New York City drivers will soon be able to pay the parking meter using their cell phones, a technological advance common in European cities and spreading quickly across the United States. A year-long, 300-space pilot will roll out this spring with the possibility of a more widespread implementation after that. It remains to be seen, however, whether the city will treat pay-by-phone as a standalone convenience for drivers or as one piece of a comprehensive rethinking of parking policy, pricing, payment and enforcement.

Stickers instruct drivers how to pay by phone at a parking meter in Washington, D.C. Image: dc.gov

The pilot will cover 300 spaces in an outer-borough neighborhood with a busy commercial strip, reported the Post today. According to the official RFP for the project, that breaks down to 264 single-space meters and 57 spaces inside a municipal lot.

Under the pay-by-phone system, motorists would have to register their vehicles and credit cards online once before parking. They’d circle for an empty spot as normal and once they’ve parked, either call a posted telephone number, use a smartphone app or possibly send a text message to start the clock running. The technology would allow drivers to receive alerts when their time was about to expire and add more time to the meter, up to the legal limit, from wherever they are.

No matter what, this is a worthwhile technological upgrade to the city’s on-street parking system. Having to lug around quarters, or even head back outside to feed the meter, is a hassle that isn’t necessary in this day and age.

In an interview with Streetsblog last year, City Council Transportation Committee chair Jimmy Vacca told us he’d be very excited by a pay-by-phone system.

Pay-by-phone becomes really powerful, though, when paired with a broader suite of parking changes. That was DOT’s vision in a request for expressions of interest it put out last September. There, pay-by-phone would have been integrated with sensors embedded in the road to enable dynamic pricing of parking based on demand and automatic enforcement of parking laws. The system would even have enabled the city to crack down on placard abuse by taking some discretion away from human ticketing agents.

That integrated approach also how pay-by-phone is used abroad. In a January report on innovative parking policy in European cities put out by the Institute for Transportation and Development Policy, every single city used pay-by-phone as part of their toolkit.

The trick is that, politically, pay-by-phone can pave the way for other, less-popular innovations. “Pay-by-phone is also a good way to get political buy-in for introducing performance pricing,” wrote ITDP in its report, “because it makes parking so much easier for drivers, who don’t need to look for coins or rush back to a meter when running late.” People are willing to pay more if they get more, especially if the link is made clear.

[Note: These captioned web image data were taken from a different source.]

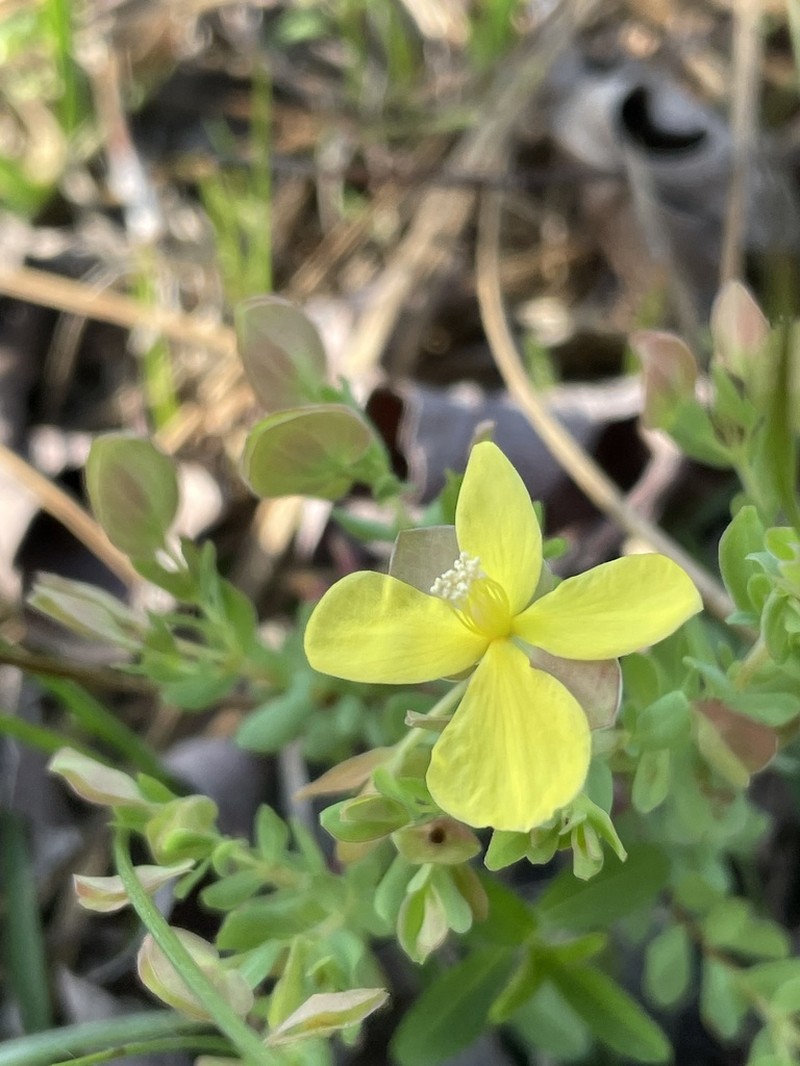Pineland St. Johnswort photo 4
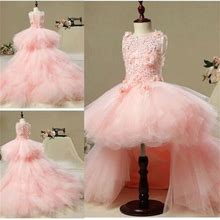 Lace Pink A Line Beads Flower Girl Dress Prom Pageant Party Girls'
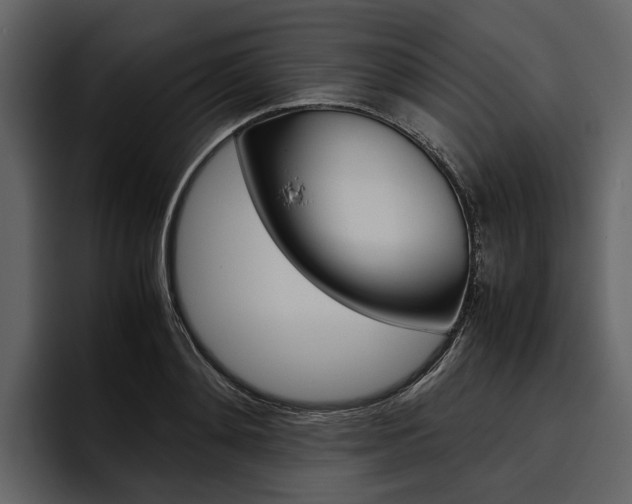 X0000097480892200802220818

Pay-by-phone was an important part of San Francisco’s pioneering SFPark system. American cities like Miami and Washington, D.C. are also embracing pay-by-phone. We’re awaiting a response from DOT about whether pay-by-phone will eventually be part of a larger high-tech parking system for the city.

A small pilot like this one isn’t the place to implement those wider-ranging changes — right now, the goal is to make sure the technology works for the New York City context — but it sets the stage for them. Keep an eye out.